I have been searching the web for a sample contract. I am hoping that some one can maybe scan a copy and email it to me or post it here.

I have read the other discussions relating to contracts and there was some very good advice. But I realize the importance of correct wording and creating one from scratch does not appeal to me.

Thanks in advance.

Dave
[email protected]


----------



## John Allin (Sep 18, 2000)

MDLA has a nice one, that has been by an Attorney for your state too. Gotta be a member though.

SIMA has some samples too... gotta be a member there too.


----------



## DaveK (Jul 9, 2001)

Thanks for the quick reply John. But I was really hoping to see an actual contract. 

It is hard to believe that on the whole Internet, I cannot find one sample contract. 

I guess there used to be one on the housedokter.com but that site looks like it is gone.


----------



## PINEISLAND1 (Dec 21, 1999)

Welcome to the forum Dave.

What part of MI are you from?

To answer your question, I can only restate what John has said. The Sima site has some great contracts, and it is just one of the many benefits of joining. If you are into the snow removal business, no matter how big or small, I must recommend joining SIMA. You won't regret it. 

Dino's site as you mentioned had a sample of his, but maybe it is off line currently. He will probably respond to this post eventually.

Sorry I can't be of more help.


----------



## John Allin (Sep 18, 2000)

Both SIMA and MDLA have actual contracts on line for you to read. It's the terms and conditions that most people seek.... if you're just looking for front side contract language - it's usually quite simple. Email me your fax number and I'll fax you a couple to look at. They are simple, direct and to the point. It's the terms & conditions part that has the meat.


----------



## DaveK (Jul 9, 2001)

Thanks John but I have joined SIMA since my first post and did find a couple copies on the SIMA web site.

I have also been spending a fair amount of time in the forum here for answers to other questions I had, and found a lot of good information.

I had questions concerning the best time of year to drum up clients (residential mostly) and what form of advertisement or other methods work best. I found answers to every question and then some.

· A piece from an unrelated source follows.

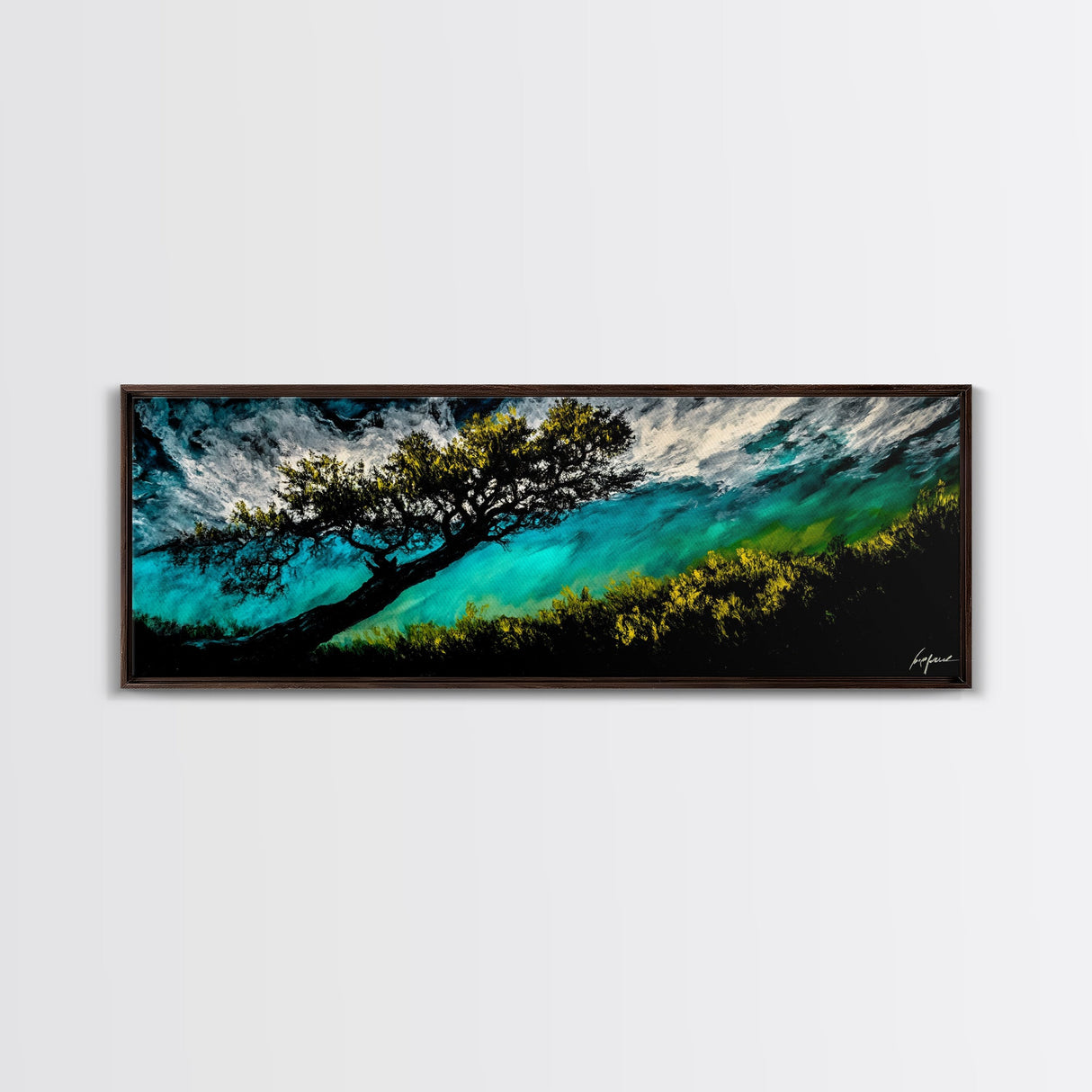 Abstract, Windy Tree, Coastal, Storm, Framed Canvas Print, Moody Wall Art, Large Wall Art, Nature Art, Modern Home Decor, Living Room Wall Art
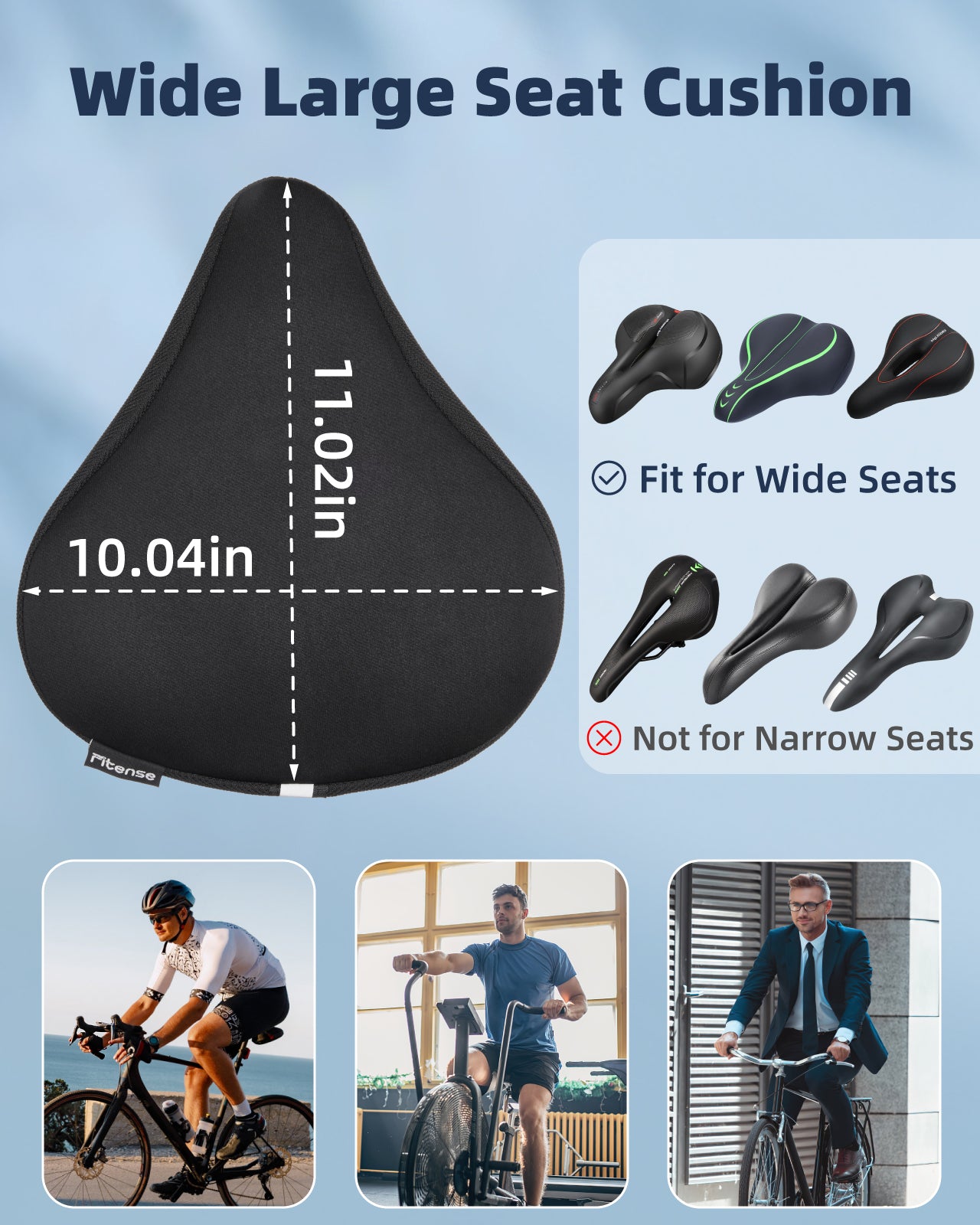 Bike Seat Cushion - Padded Gel Bike Seat Cover for Men & Women, Extra Padding Bicycle Saddle fit with Peloton/Spin Stationary Exercise/Mountain Road Cycling Bike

By the way, I went to your web site and was very impressed. I guess I never realized that snow removal is such a huge industry. Do you have much business in Michigan? 

Thanks again,
Dave


----------



## John Allin (Sep 18, 2000)

We've just begun doing business in Michigan. 
We'll be bidding out some work there mid to late July.
If the site you went to was the SMG site, sign up as a possibly sub and we'll see about getting some work to you.


----------